何かいい方法はないかと、裏口の見張りの死角から辺りを見回す。
中に入る方法を考えてなかった‥
見張りの人が簡単に入れてくれるとも思えない。だけどもしかしたら、連れて来ようとしてたんだし私が誰か分かれば入れてもらえるかも‥?でもそれでもしラックさんたちの足手まといになったら‥
悶々と考えながらもう一度建物を見上げると、二階の一つの窓から手が出てきた。
思わず目を丸くしていると、その腕はこいこいと手招きをして。
辺りを見回してみたけれど裏路地には他に人はおらず、恐る恐る近付くと中から梯子が降ろされた。

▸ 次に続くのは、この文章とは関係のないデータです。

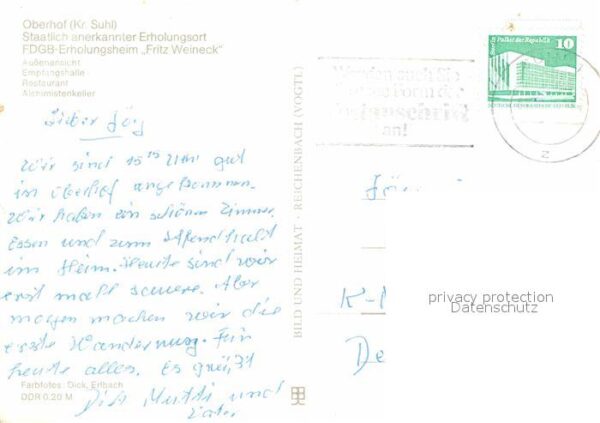 Oberhof Thueringen FDGB-Erholungsheim Fritz Weineck – Bild 2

再び手招きされ、迷いながらも周りと見張りを確認してから梯子を上る。
結構高くて怖かったけれど、見張りに見つかったらと気持ちが急いてあっという間に上ることができた。
「お手をどうぞ」
「あ‥もしかして、社長さん‥ですか?」
手を取って窓から中に入ると、聞き覚えのある声に少し安心した。
中はカーテンがしめられて電気も消えているために薄暗くて、明るさの変化に目が慣れずすぐ傍にいるのに社長の顔すら見えない。
「最近は私もこの窓から出入りしているんだ。いやあ、ドアから入ると資料が邪魔で机にたどり着けなくてね」
‥確かに以前来た時資料で姿どころか机もほとんど見えなかった覚がある。
「あの、どうして‥」
「ああ、困っているようだったからね。入りたかったんだろう?」
こくりと頷く。でも、こんなこと親切心でやってくれるんだろうか?ここは情報屋なのに。
「別に下心があったわけじゃないんだけど‥本当は私としても女性が巻き込まれるのは望まない。でも君は、知りたいのだろう?事の行く末が」
「‥はい」
社長の指が私の後ろを指す。振り返ればそこには目が慣れてうっすらと見える資料の束と束の間に隙間があって。
「君なら通れるだろう。想い人とお友達は一階にいるよ」
もうイブちゃんたちとのことを知っているのかと目を丸くすれば、私の考えを読んだように「情報屋だからね」と付け加えた。
お礼と共に深く頭を下げる。私が足を進めようとすると、後ろから声がかけられた。
「うちで働く気はないかな?」
「‥へ?」
自分の抜けた返事に恥じながらも、私は苦笑を浮かべ首を振る。情報屋で働くのにこんなに不似合いな立場の人間もそういないだろう。
「ごめんなさい」
「君の探求心といい度胸といい、情報屋には向いていると思ったんだけど‥」
社長はクスリと笑うと、気を付けてと優しい声で背中を押してくれた。
私も自分にこんなにも度胸があるとは思わなかった。
‥違う。向こうにいるときは畏縮してばかりの臆病な人間だったんだ。
「私‥変われたのかな」
ずっと嫌だった。はっきり意見が言えない弱虫な自分が。
部屋を出ると廊下は明るく、どうなっているのか人の気配がまるでない。
大きな深呼吸をひとつ。そうすると自然と心が落ち着いて、私はぱちんと頬を叩いて階段を降りた。